Featured Speaker
- , University of Chicago (read with Lek-Heng Lim in Quanta Magazine)
Noncommutative positivstellensatz and stochastic gradient descent (Friday 1:15pm)
Abstract: Most 黑料社区s with even a fleeting brush with algebraic geometry would have seen Hilbert’s Nullstellensatz over the complex field. In mainstream algebraic geometry, it is a starting point for defining increasingly abstract geometric objects over progressively esoteric fields and rings, ultimately taking it to dizzying heights. But at least from an applied math perspective, the answers to the most natural questions about Nullstellensatz — what if we do it over reals? what if we have inequalities? what if we have variables that don’t commute? what if we have functions more general than polynomials? — cannot be found in mainstream algebraic geometry. Somewhat surprisingly, these have been answered by applied mathematicians working on control engineering problems. We will discuss one of these extensions of Nullstellensatz and see how it applies to solve an open problem about stochastic gradient descent. This is based on joint work with Zehua Lai.

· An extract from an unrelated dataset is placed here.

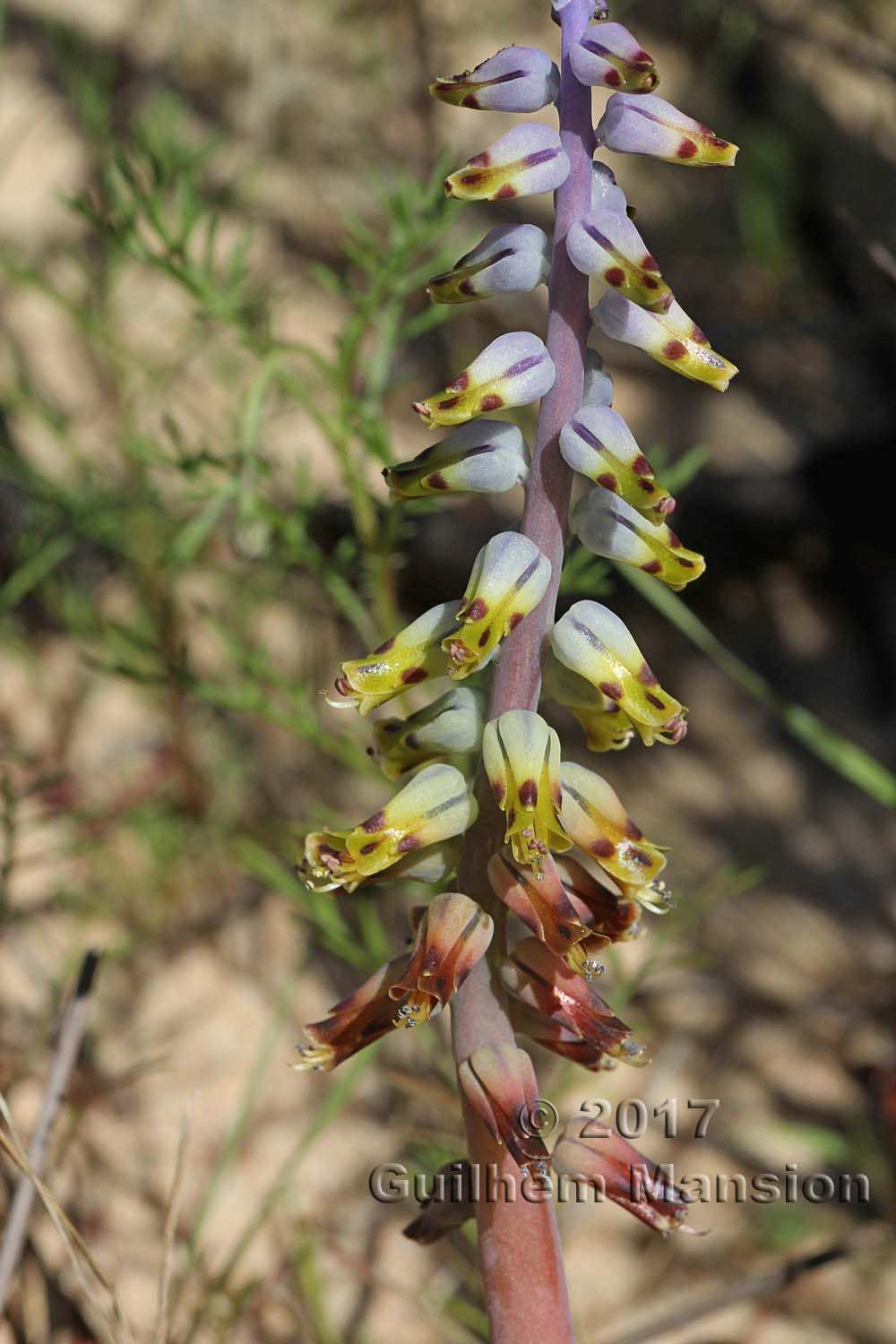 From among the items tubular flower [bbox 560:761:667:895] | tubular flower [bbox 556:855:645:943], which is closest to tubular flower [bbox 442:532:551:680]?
tubular flower [bbox 560:761:667:895]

Attention is a smoothed cubic spline (Saturday 9:30am)
Abstract: We highlight a perhaps important but hitherto unobserved insight: The attention module in a transformer is a smoothed cubic spline. Viewed in this manner, this mysterious but critical component of a transformer becomes a natural development of an old notion deeply entrenched in classical approximation theory. More precisely, we show that with ReLU-activation, attention, masked attention, encoder-decoder attention are all cubic splines. As every component in a transformer is constructed out of compositions of various attention modules (= cubic splines) and feed forward neural networks (= linear splines), all its components — encoder, decoder, and encoder-decoder blocks; multilayered encoders and decoders; the transformer itself — are cubic or higher-order splines. If we assume the Pierce-Birkhoff conjecture, then the converse also holds, i.e., every spline is a ReLU-activated encoder. Since a spline is generally just C^2, one way to obtain a smoothed C^\infty-version is by replacing
ReLU with a smooth activation; and if this activation is chosen to be SoftMax, we recover the original transformer as proposed by Vaswani et al. This insight sheds light on the nature of the transformer by casting it entirely in terms of splines, one of the best known and thoroughly understood objects in applied mathematics. This is joint work with Zehua Lai (Texas) and Yucong Liu (Georgia Tech).